Discussion thread: here
JIRA: KAFKA-14972
Proposed implementation: pull request 14071
Please keep the discussion on the mailing list rather than commenting on the wiki (wiki discussions get unwieldy fast).
Design goal
The goal of this KIP is to allow consumer callbacks to call the consumer again from another thread.
Motivation
Rebalances cause a lot of message duplication. This can be prevented by doing commits in the partition-revoked callback. This KIP will make it much easier to do work in that callback when an async runtime is used.

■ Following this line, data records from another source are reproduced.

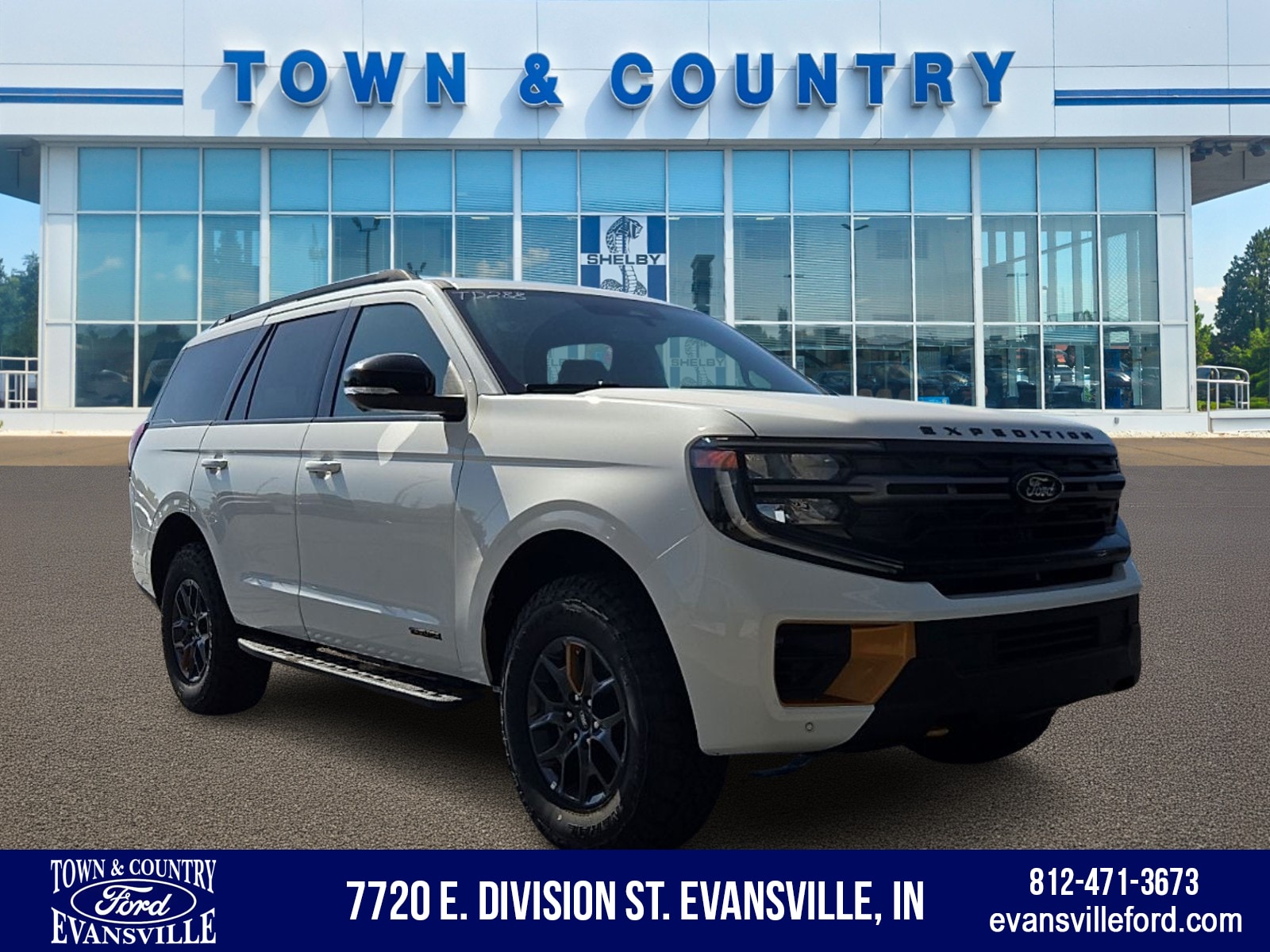 2026 Ford Expedition Sport Utility 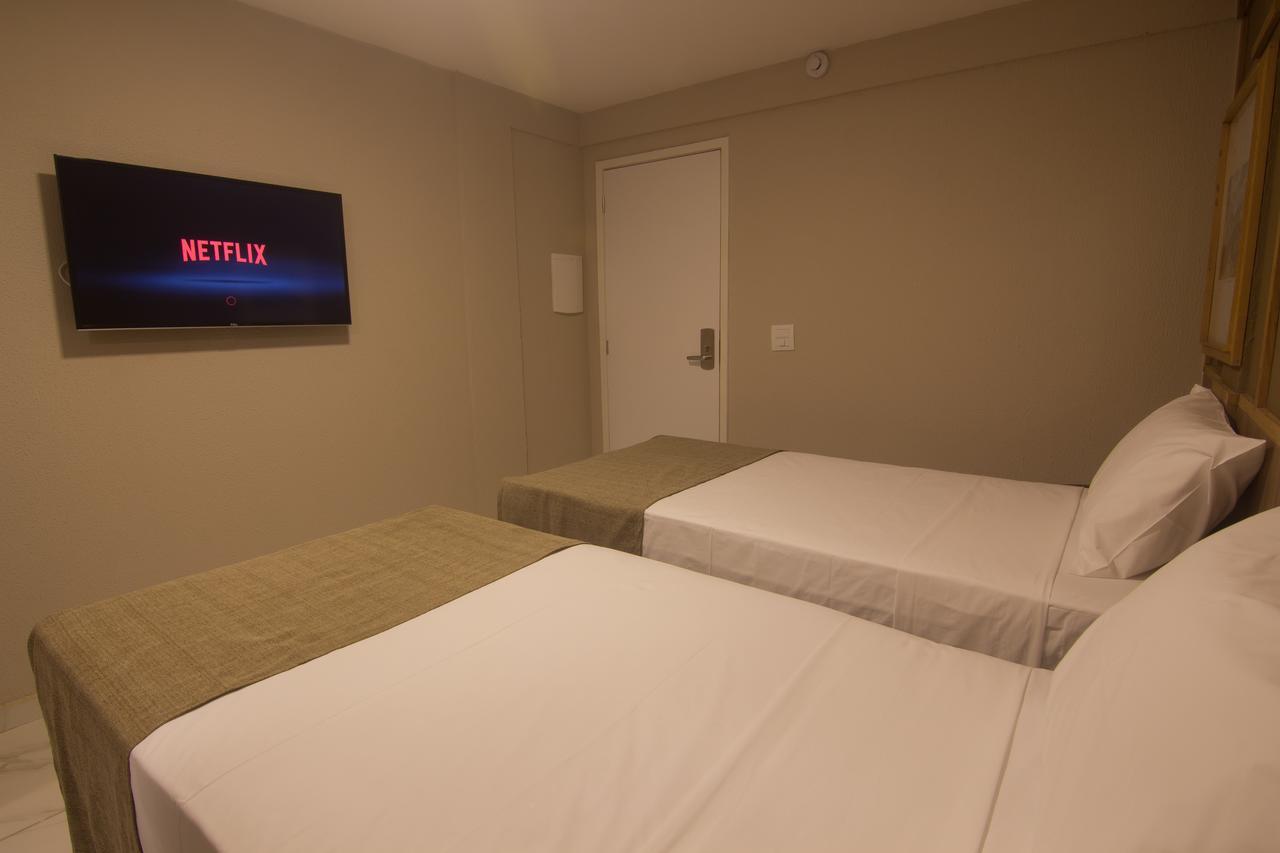Hotel Privillege Santana do Ipanema Εξωτερικό φωτογραφία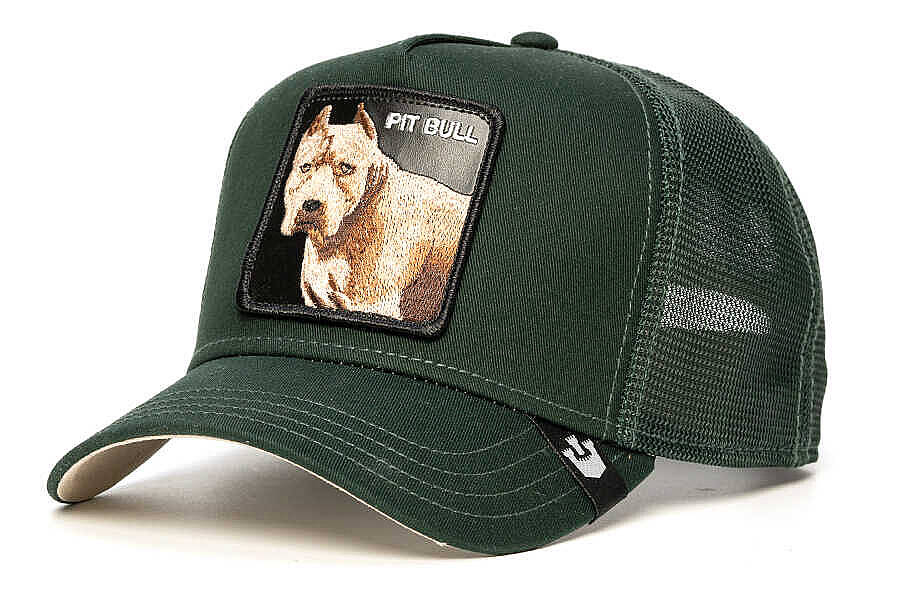 Goorin Bros. The Dog Pitbull ( Köpek Figürlü ) Şapka 101-1676 - 8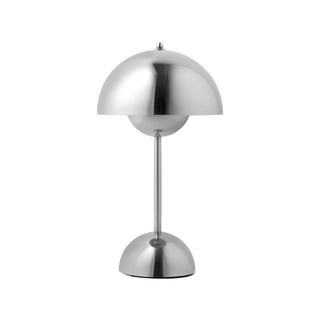 Oslo Tischlampe – Skandinavisches Design, kabellos & dimmbar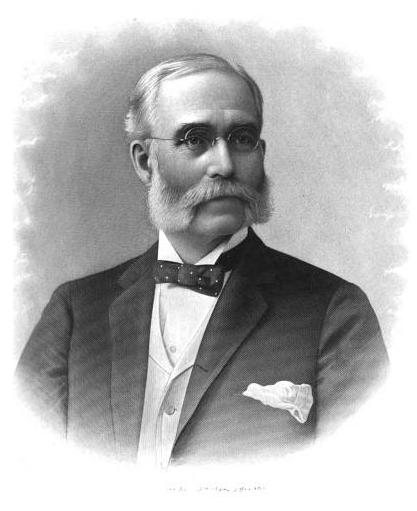 Portrait of Dexter M. Ferry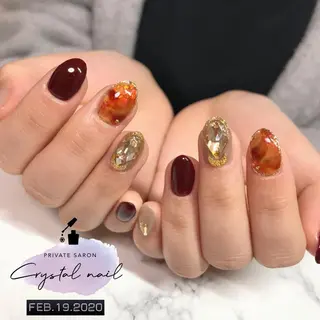 ネイル SCENERY NAILのネイルデザイン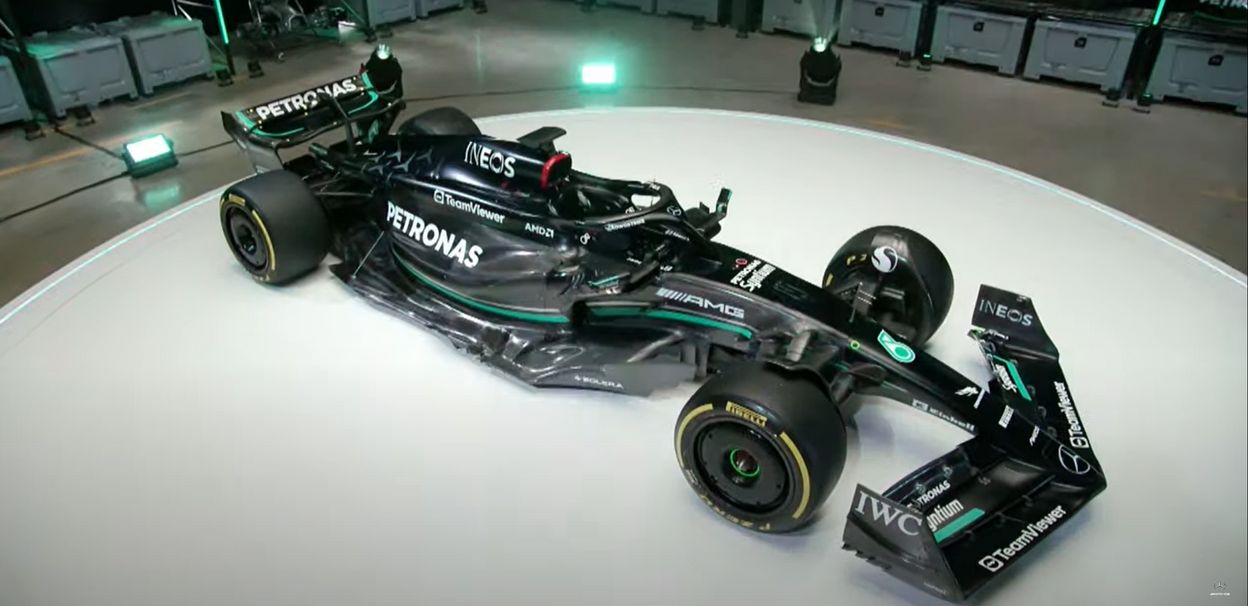 Les 10 voitures de la saison 2023 de Formule 1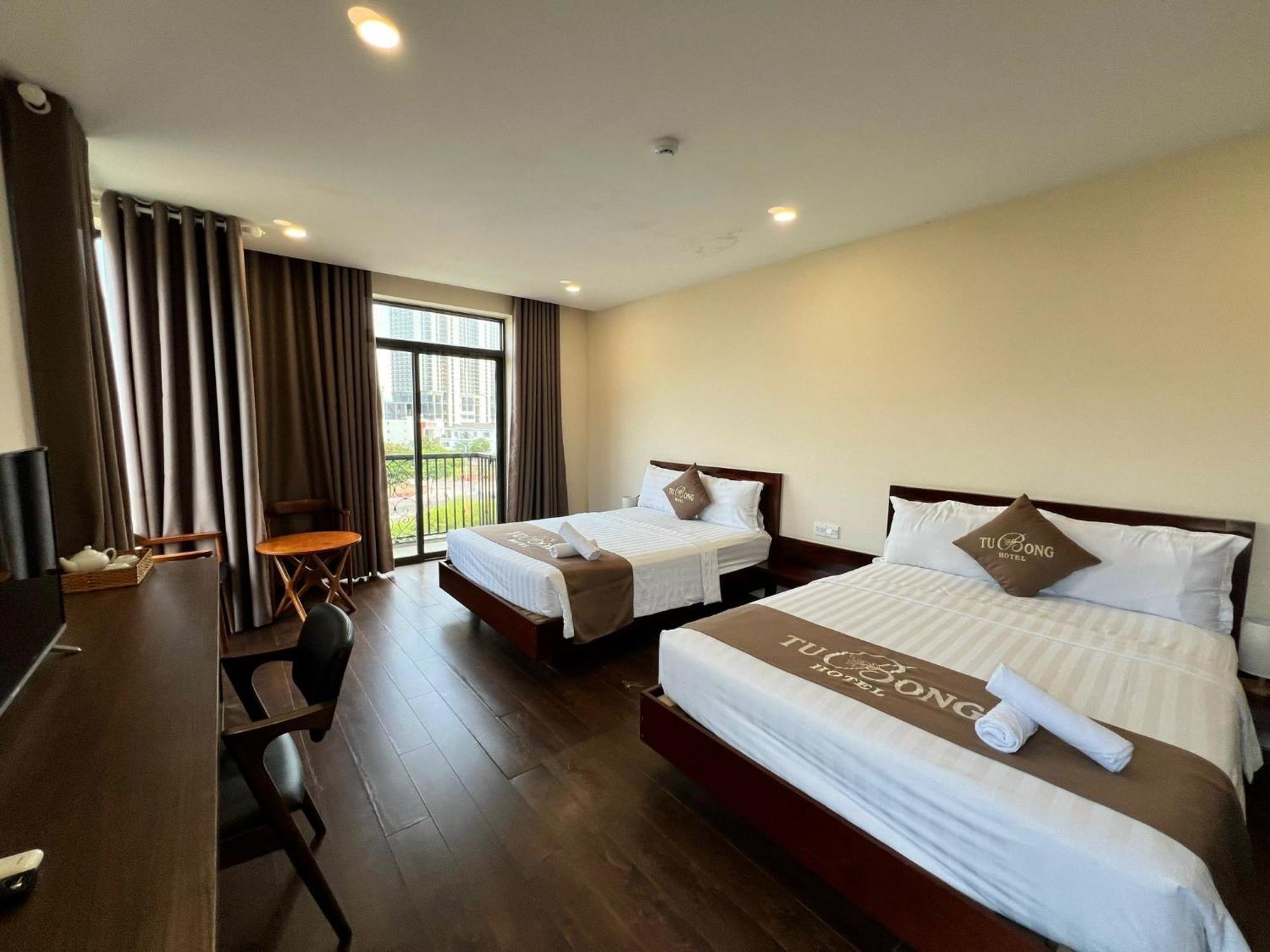 Tubong Hotel Private Enterprise Nha Trang Kültér fotó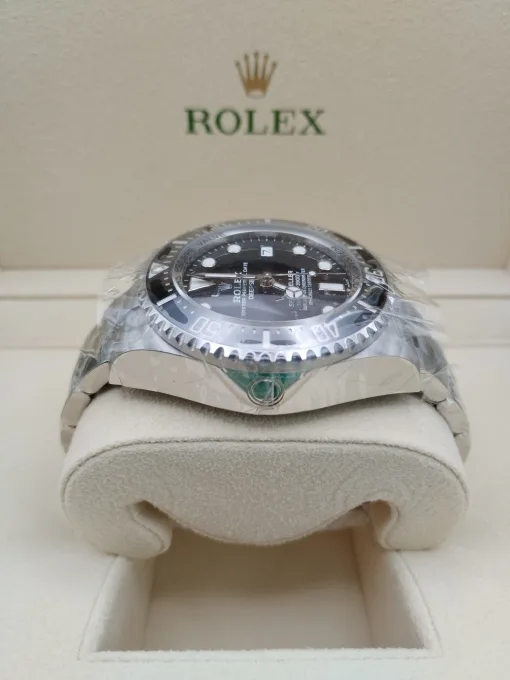 44mm 勞力士 ROLEX136660-0006 DEEP SEA 黑色錶面：圖片 6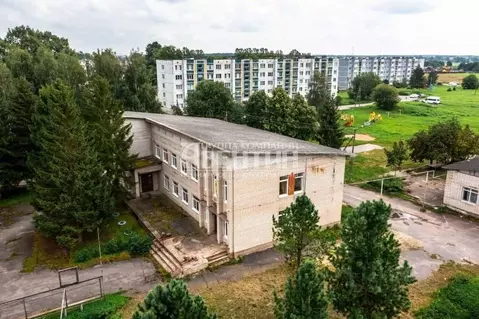 Офис в Ленинградская область, Волосовский район, Клопицкое с/пос, пос. ...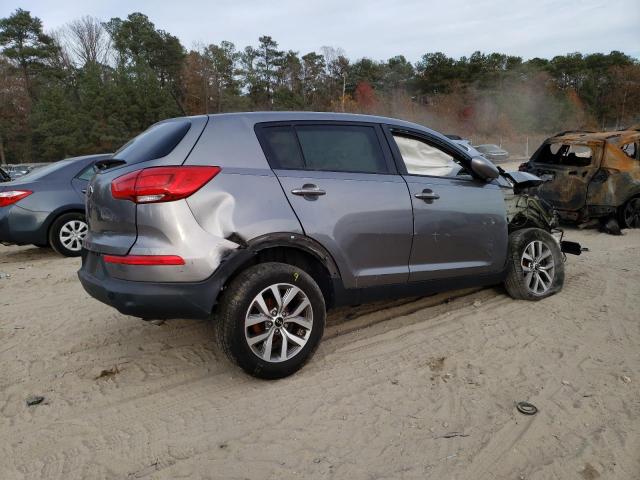 Photo 2 VIN: KNDPB3AC6G7799691 - KIA SPORTAGE 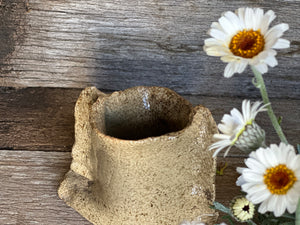 Handmade Pottery Vase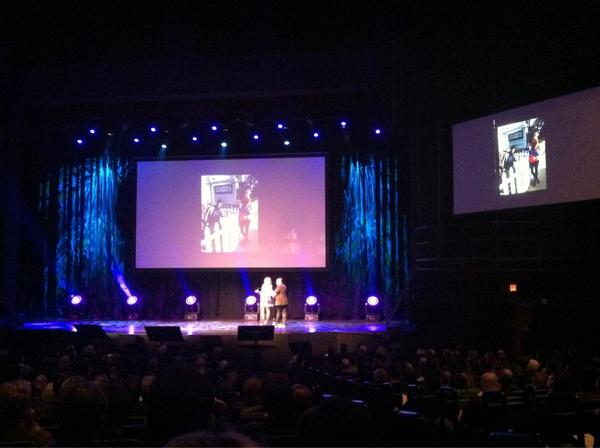 SLBAAC's tweet image. @SLBAAC: Sean Dan sighting at the #IawtvAwards. Strangely, Dan Dan is nowhere to be found. (Cc @seanbecker)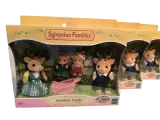 Набор Sylvanian Families Семья оленей 5692, 4 фигурки, для мальчиков и девочек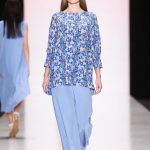 2015 Latest MBFW Russia S/S Biryukov Collection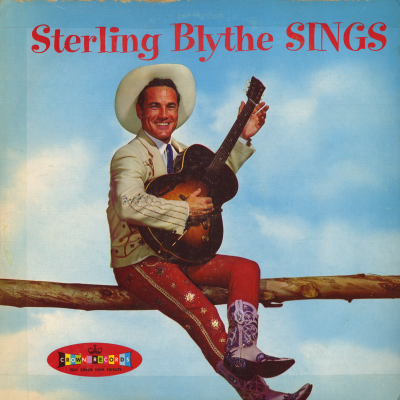 Sterling Blythe Sings (1960)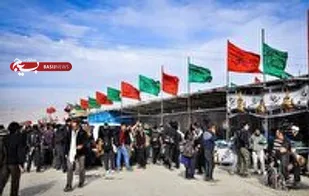 اعزام موکب حضرت ابوالفضل العباس (ع) توکهور وهشتبندی به کربلا
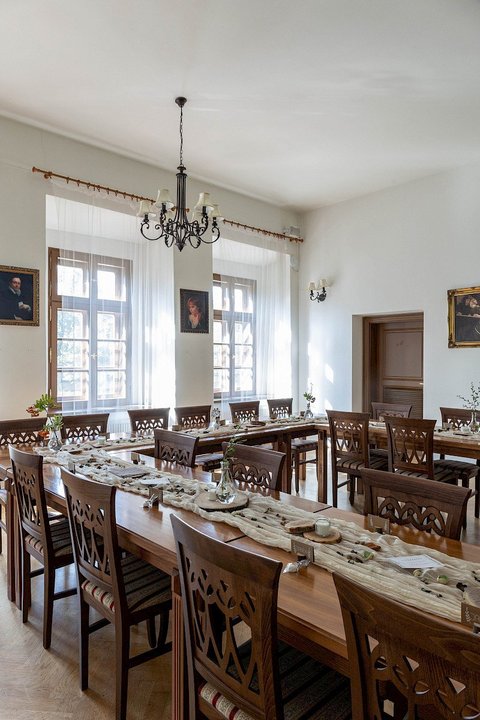 Vila Kajetánka - Terasa a zahrada Vily Kajetánky - náhled 21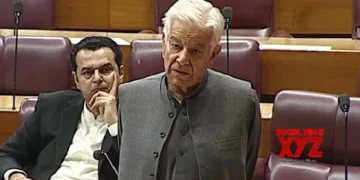 US treated Pakistan worse than toilet paper, says Khawaja Asif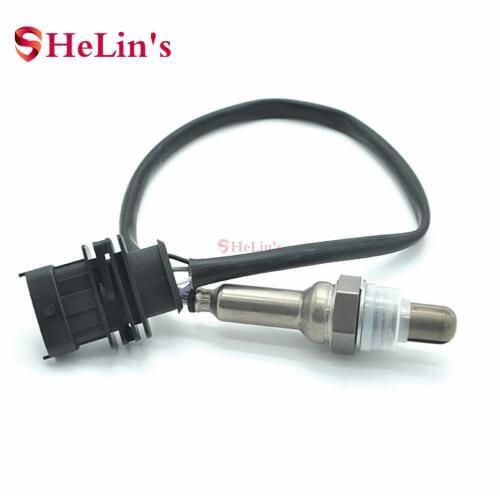 25368889 Lambda Probe Oxygen Sensor For ZMZ-405 406 409 DCC UMP MEMZ Euro-3 2 with control unit MIKAS 11 M10.3 UAZ 3159 Patriot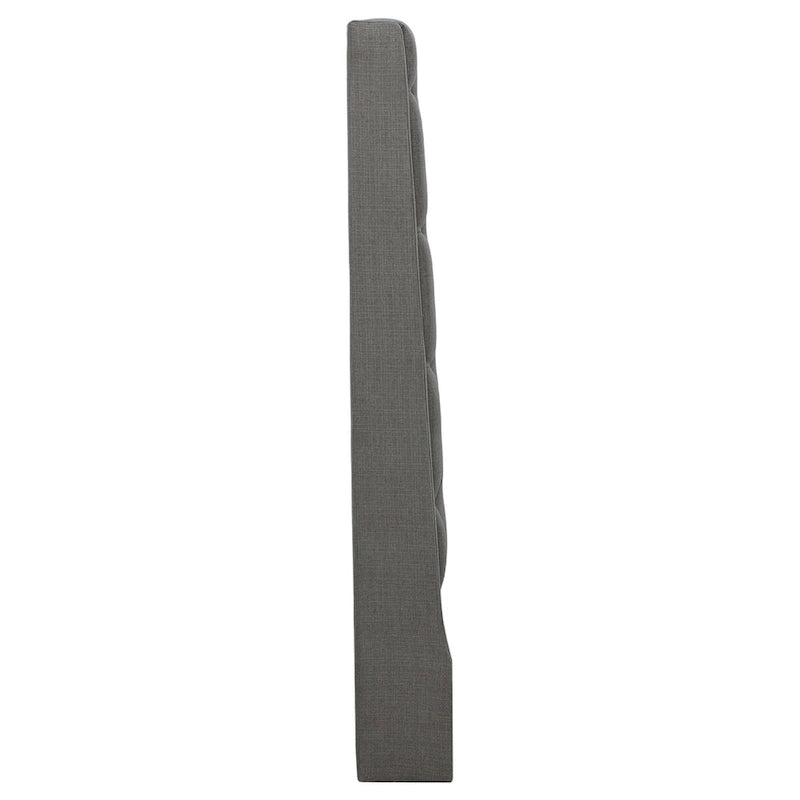 Camille Upholstered Panel Headboard Grey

The JVM based KafkaConsumer contains a check that rejects nested invocations from different threads (in method acquire). For programs that use an async runtime, this is an almost impossible requirement. Also, the check is more strict than is required; we only need to validate that there is no concurrent access to the consumer.
Examples of affected async runtimes are Kotlin co-routines (see KAFKA-7143) and Zio.
Here follows a condensed example of how we'd like to use ZIO in the rebalance listener callback from the zio-kafka library.
def onRevoked(revokedTopicPartitions: Set[TopicPartition], consumer: KafkaConsumer) = { for { _ <- ZIO.logDebug(s"${revokedTps.size} partitions are revoked") state <- currentStateRef.get streamsToEnd = state.assignedStreams.filter(control => revokedTps.contains(control.tp)) // Note, we run 1 stream per partition. _ <- ZIO.foreachParDiscard(streamsToEnd)(_.end(consumer)) // <== Streams will commit not yet committed offsets _ <- awaitCommitsCompleted(consumer).timeout(15.seconds) _ <- ZIO.logTrace("onRevoked done") } yield () }
This code is run using the ZIO-runtime as follows from the {{ConsumerRebalanceListener::onPartitionsRevoked}} method:
def onPartitionsRevoked(partitions: java.util.Collection[TopicPartition]): Unit = { Unsafe.unsafe { implicit u => runtime.unsafe .run(onRevoked(partitions.asScala.toSet, consumer)) .getOrThrowFiberFailure() () } }
(Note that this code is complex on purpose, starting a ZIO workflow from scratch is not something you would normally do.)
Look at line 6 of the first code block. In method end
the stream will try to call consumer::commitAsync(offsets, callback)
. In awaitCommitsCompleted()
(line 7) we call consumer::commitSync(Collections.emptyMap)
to wait untill all callbacks are invoked.
Since this code is running in the rebalance listener callback, KafkaConsumer enforces that the commit methods must be invoked from the same thread as the thread that invoked onPartitionsRevoked
. Unfortunately, the ZIO runtime is inherently multi-threaded; tasks can be executed from any thread. There is no way Zio could support this limitation without a major rewrite.
Public Interfaces
Two methods will change from private to protected: org.apache.kafka.clients.consumer.KafkaConsumer:acquire
and in the same class method ::release
.
Proposed Changes
See section 'public interfaces' above.
The change will allow custom sub-classes to implement acquire
and release
any way they like.
Implementation rules for sub classes that override acquire and release
Methods acquire
and release
ensure that only 1 thread can invoke the consumer at a time. Similarly, they ensure that only 1 thread can invoke the consumer from code that is running in a consumer callback.
Methods acquire
and release
also need to make sure that memory writes from all threads involved are visible for each other.
When acquire
and release
are overridden, it is up to the implementation to uphold these requirements.
Compatibility, Deprecation, and Migration Plan
For existing users nothing changes. There is no need to deprecate anything. No migration is needed.
Test Plan
Since the change does not change behavior of the library, no additional tests are needed.
Rejected Alternatives
See KIP-944 for a viable alternative.